» Information given:
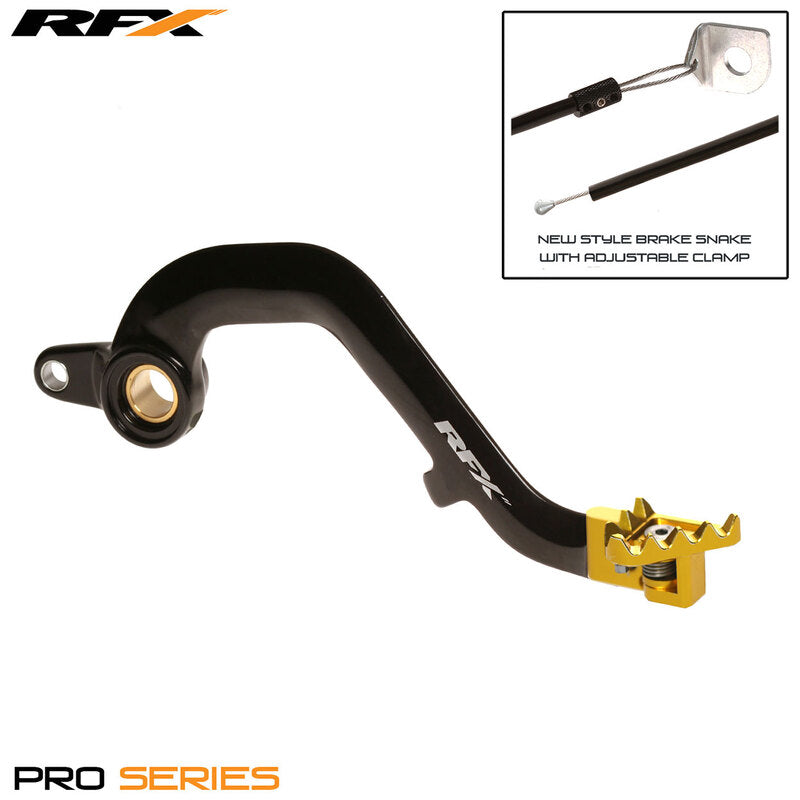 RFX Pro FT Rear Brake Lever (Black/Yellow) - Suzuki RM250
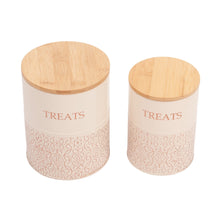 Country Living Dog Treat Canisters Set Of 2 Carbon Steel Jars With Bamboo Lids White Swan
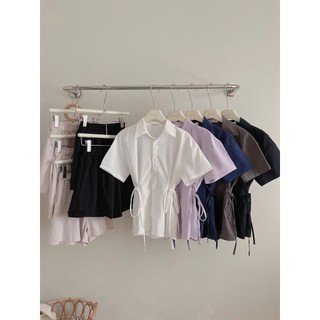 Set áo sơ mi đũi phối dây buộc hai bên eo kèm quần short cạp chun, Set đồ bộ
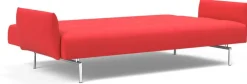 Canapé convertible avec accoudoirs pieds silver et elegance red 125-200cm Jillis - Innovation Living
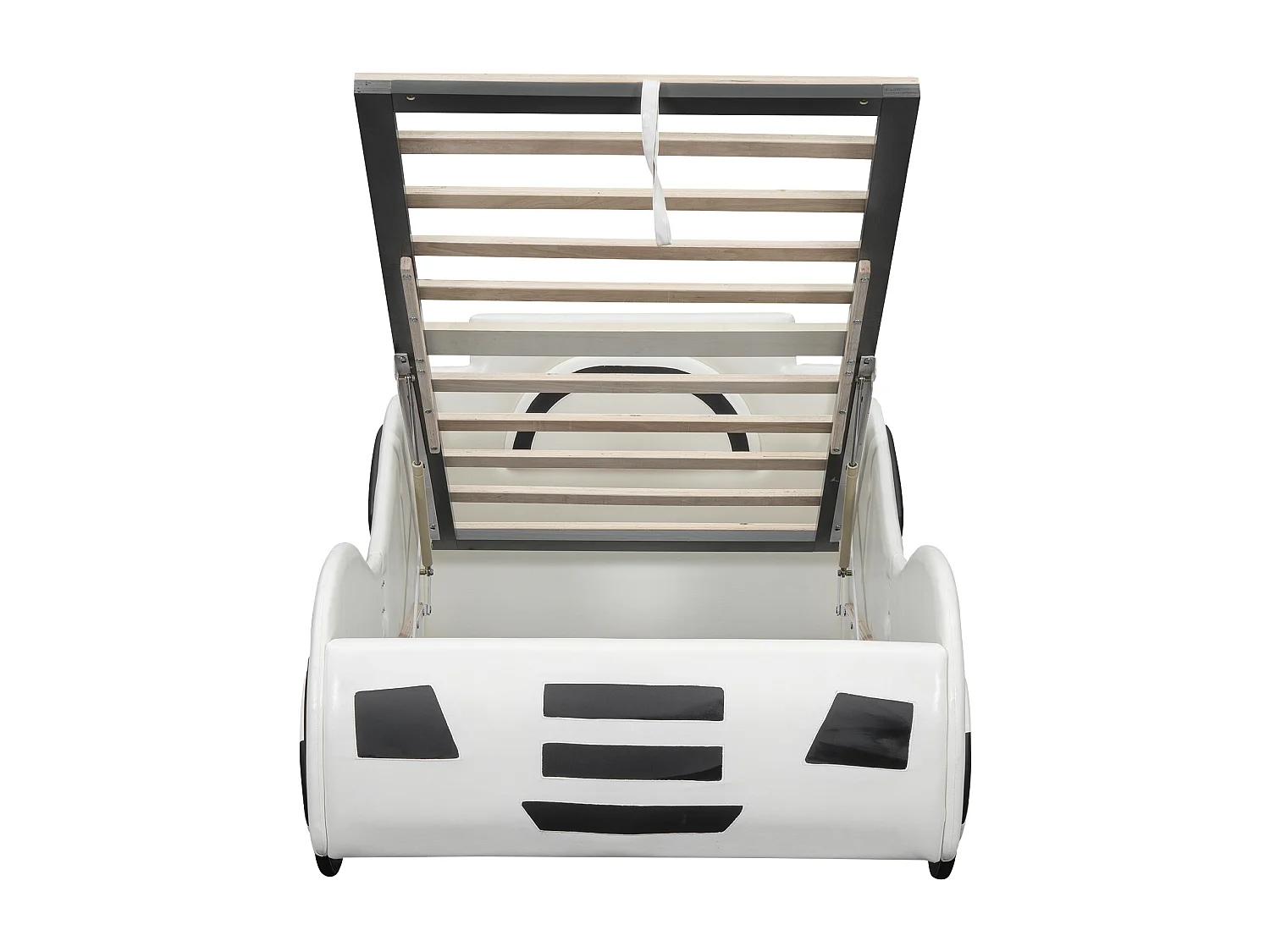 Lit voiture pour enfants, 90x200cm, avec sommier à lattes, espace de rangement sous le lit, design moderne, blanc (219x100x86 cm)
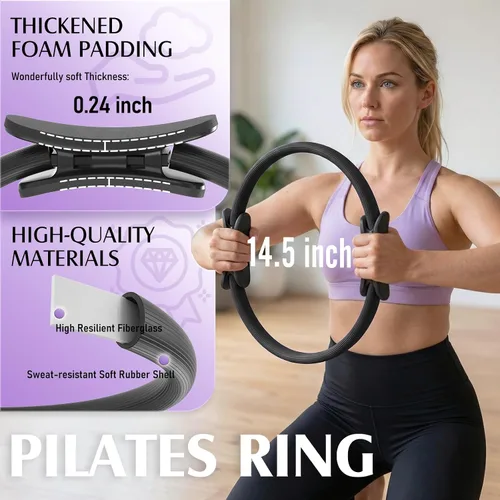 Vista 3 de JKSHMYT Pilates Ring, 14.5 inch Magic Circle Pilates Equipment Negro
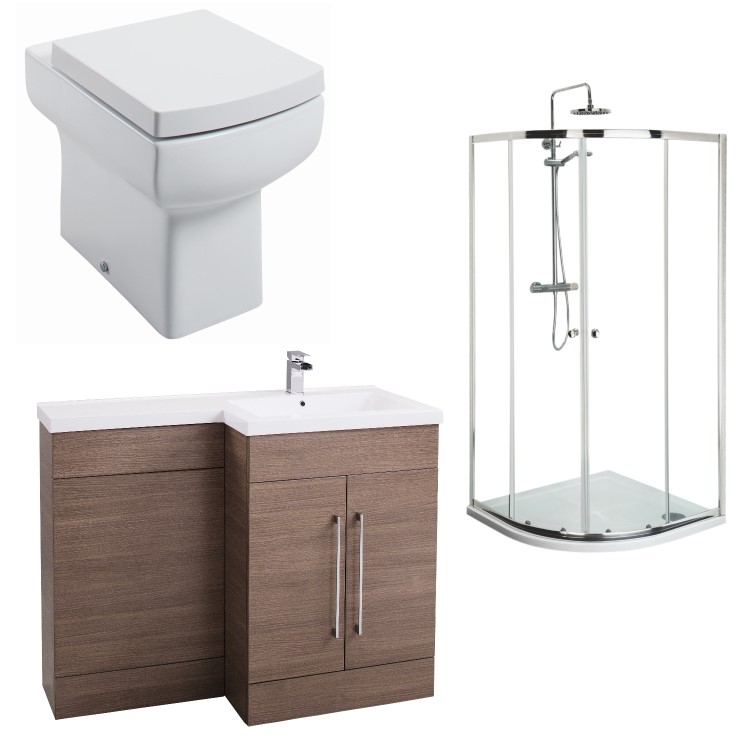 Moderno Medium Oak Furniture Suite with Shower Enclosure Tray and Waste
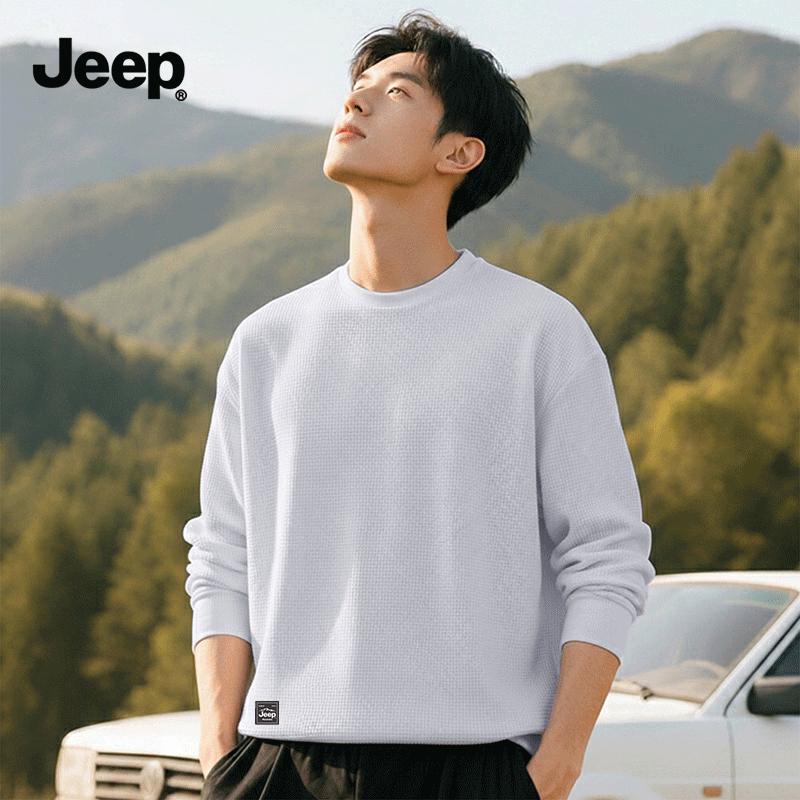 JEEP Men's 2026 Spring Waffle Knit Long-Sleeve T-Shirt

» Problem statement:
Transcribe the opening line of the listing above, please, and every line after it through the line with "Canapé convertible avec", word for word, without pictures.

» Reply to the task:
 RFX Pro FT Rear Brake Lever (Black/Yellow) - Suzuki RM250
 Country Living Dog Treat Canisters Set Of 2 Carbon Steel Jars With Bamboo Lids White Swan
 Set áo sơ mi đũi phối dây buộc hai bên eo kèm quần short cạp chun, Set đồ bộ
 Canapé convertible avec accoudoirs pieds silver et elegance red 125-200cm Jillis - Innovation Living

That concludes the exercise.